Pak Nababan sudah tampak di tiang bendera untuk mengibarkan kain berwarna merah putih. Setiap jam tujuh selalu dilakukan. Tidak lama Pak kasek juga datang dengan mobil berwarna putih.
"Hei, Gun! Bentar," panggil Rheina, putri bungsu pak kadus, sekelas Guntur.
"Ya, Rhei. Tumben manggil." Guntur tersenyum heran.
"Untuk olimpiade, kata wali kelasku, kau yang berangkat. Cieeee ... mantap, Gun."
"Kok, aku nggak tau, ya?"
"Nanti juga dikasi tau sama Pak Nababan. Aku juga taunya pas wali kelas ngomong sama mama."
Suara yang menyerukan masuk berbunyi. Guntur dan Rheina menghentikan obrolan, lalu berlari ke kelas masing-masing.
"Selamat pagi semuanya?"
"Pagi, Pak," jawab murid kelas empat serempak.
"Sepertinya wajah kalian cerah. Kebetulan, hari ini Bapak mau mengumumkan siapa yang akan mengikuti olimpiade matematika pelajaran kelas tiga dan empat antar sekolah. Yang terpilih adalah ... Guntur."
Semua bertepuk tangan. Guntur hanya bisa memberi senyuman terpaksa karena menahan lapar. Dia merasa ada yang melilit di perutnya. Uang jajan juga tidak ada.
"Gun, kamu sudah siap bertarung dua hari lagi?

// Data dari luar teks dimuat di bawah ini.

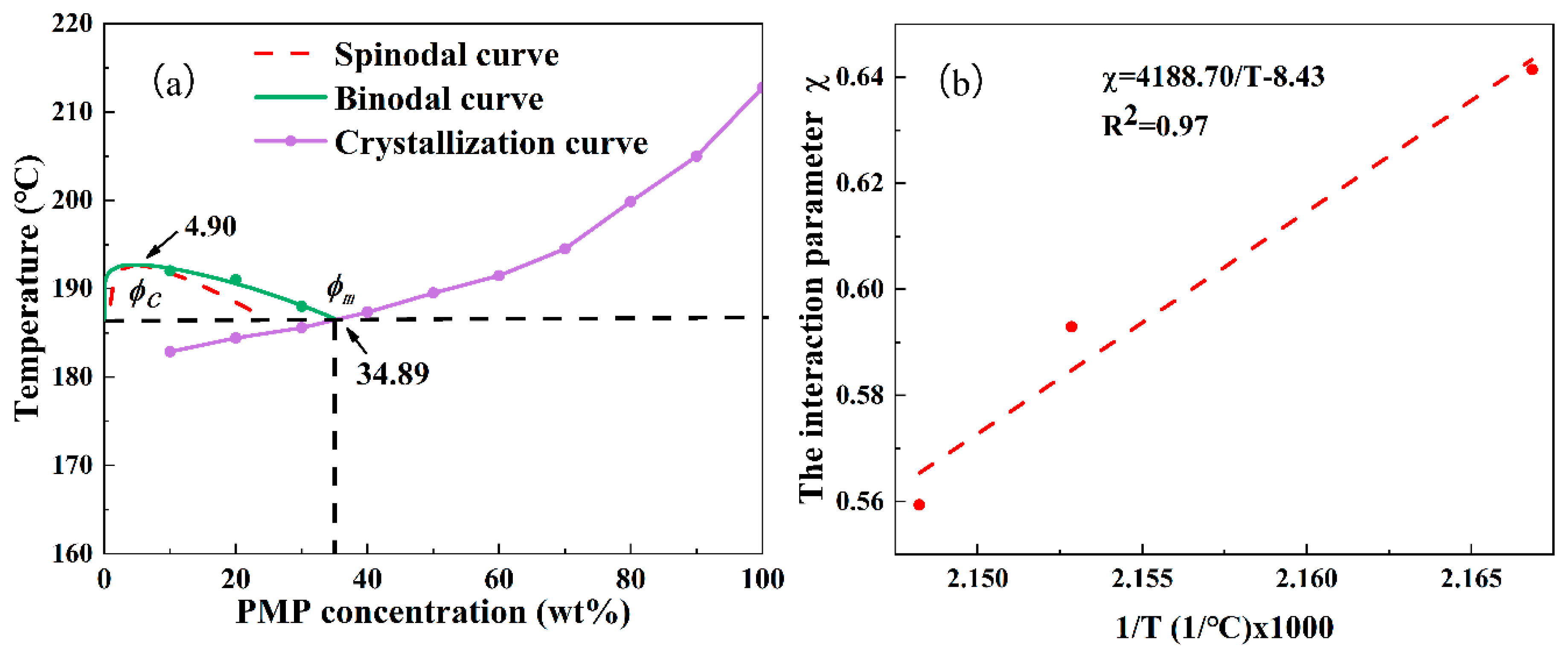 Membranes 11 00622 g003 550
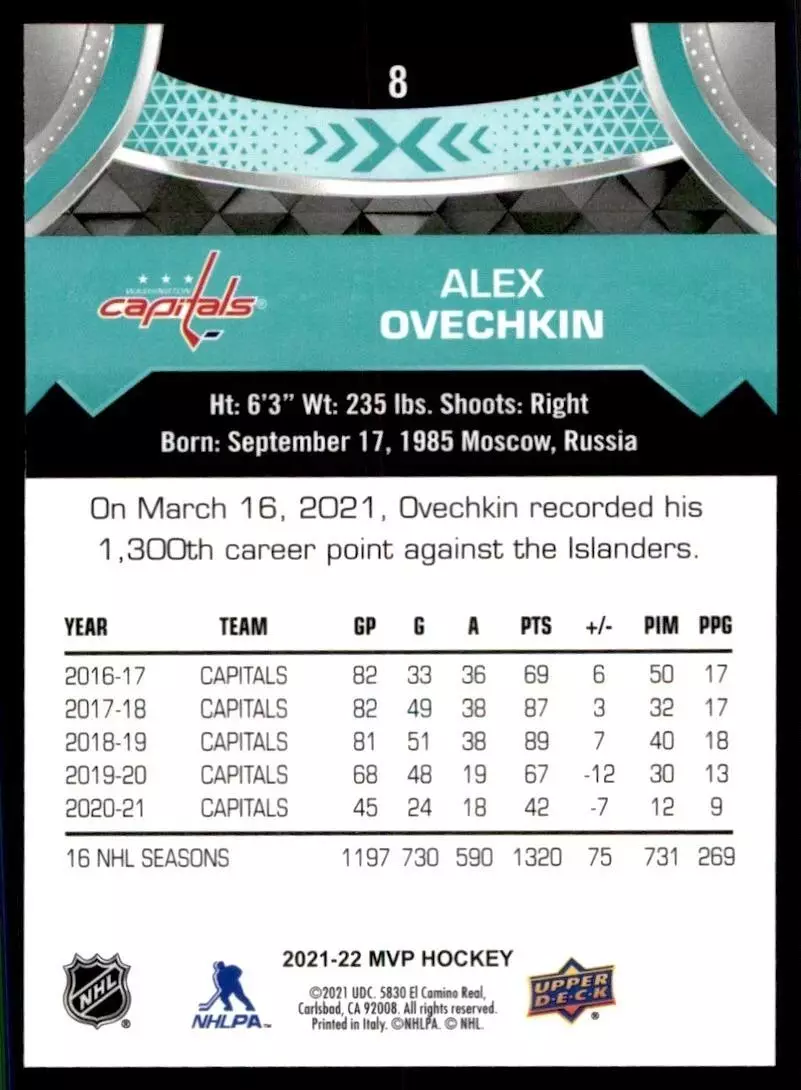 2021-22 Upper Deck MVP #8 Alex Ovechkin 1
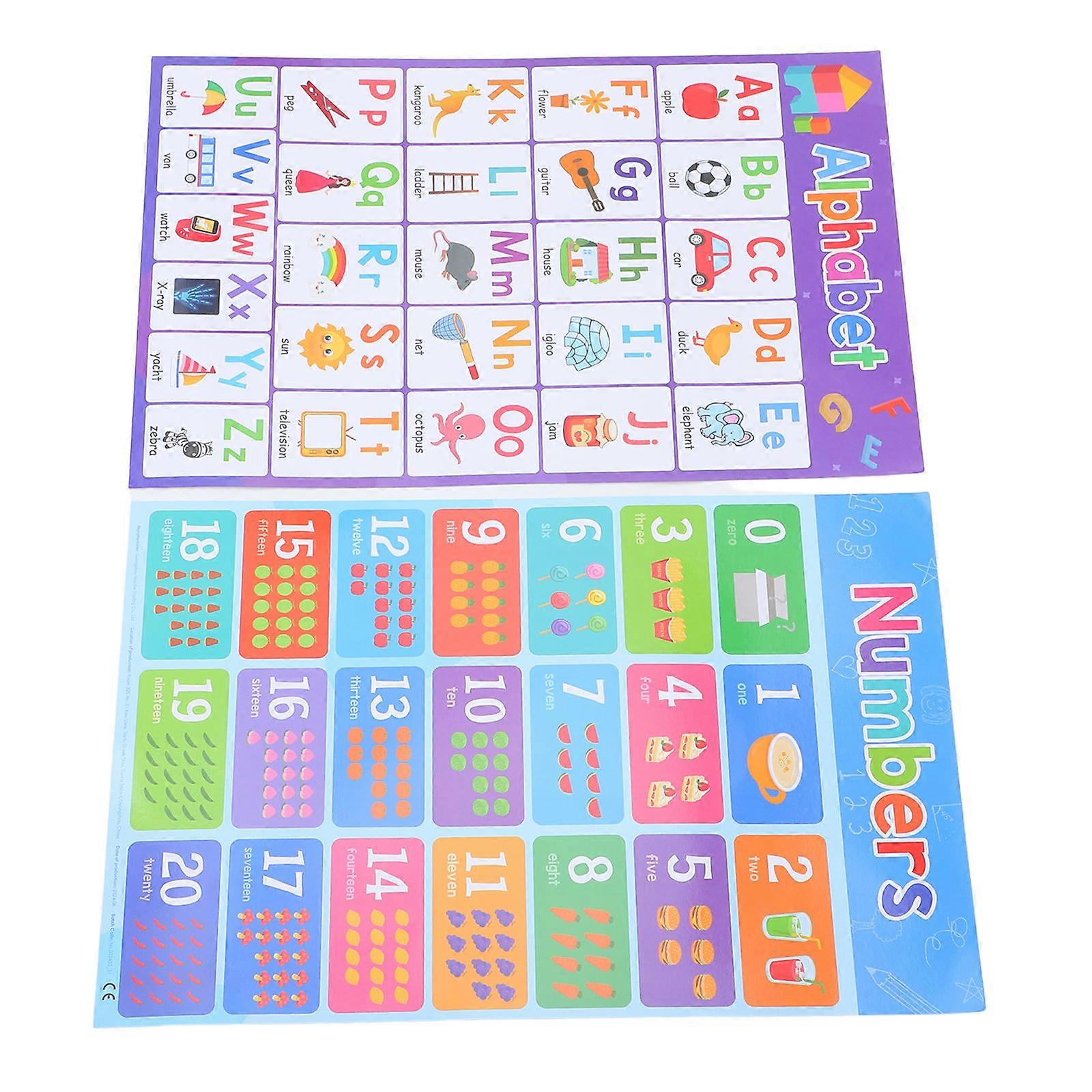 Alphabet Numbers Poster For Kids School Posters Educational Wall Chart Cognitive Development Engaging 2Pcs
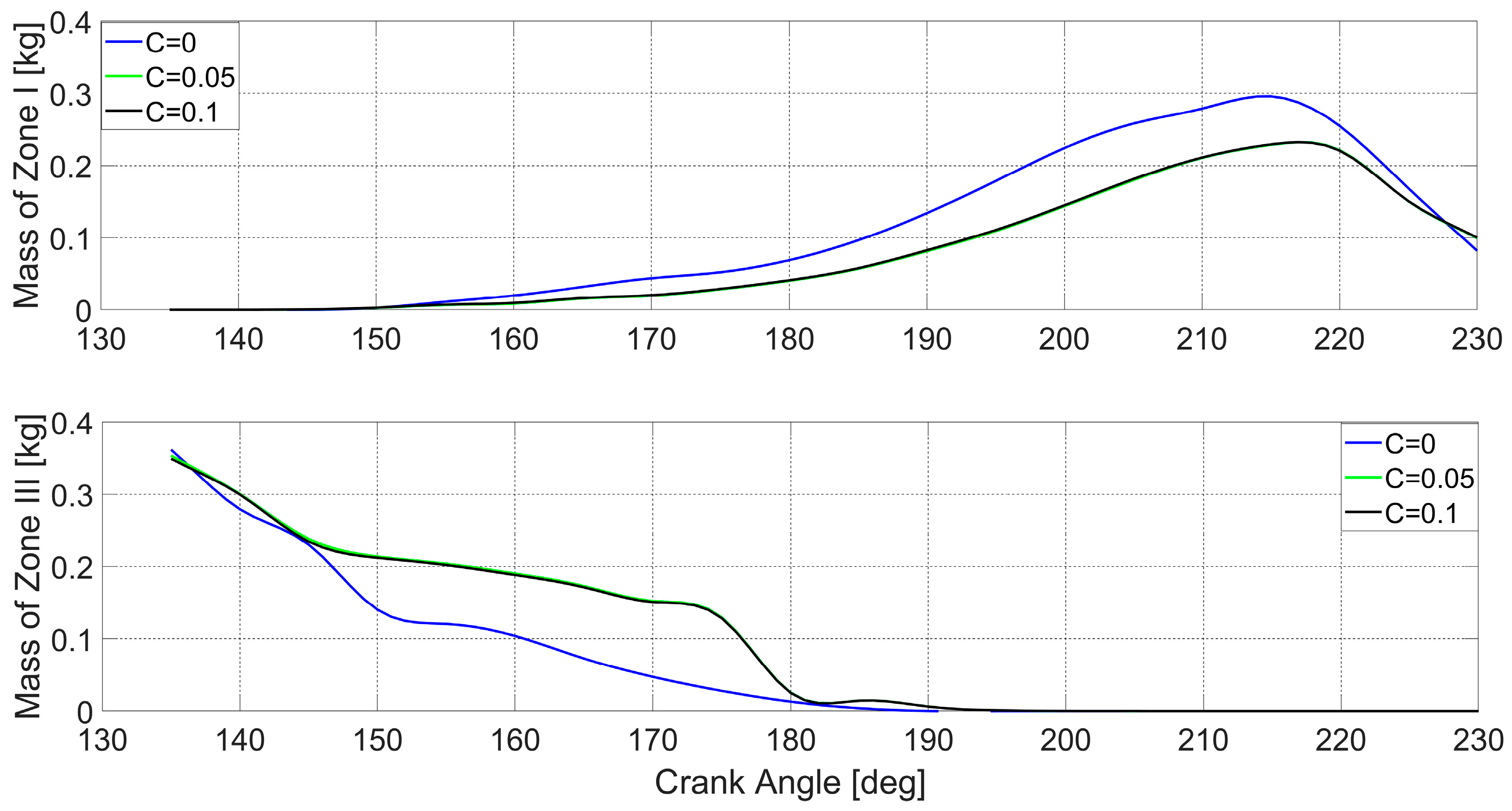Energies 12 01719 g013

Kita bisa ulangi pelajaran dari kelas tiga. Saya yakin kamu bisa."
"I-iya, Pak. Saya siap."
"Baiklah, anak-anak. Kita lanjutkan pelajaran baru."
Pak Nababan menerangkan tema pembahasan. Beliau guru yang sangat cerdas dalam memberikan pelajaran agar mudah dimengerti. Beliau pula yang selalu menjadi guru teladan se-kabupaten. Sekolah mereka juga sering mendapatkan penghargaan dari prestasi murid dan Pak Nababan sendiri.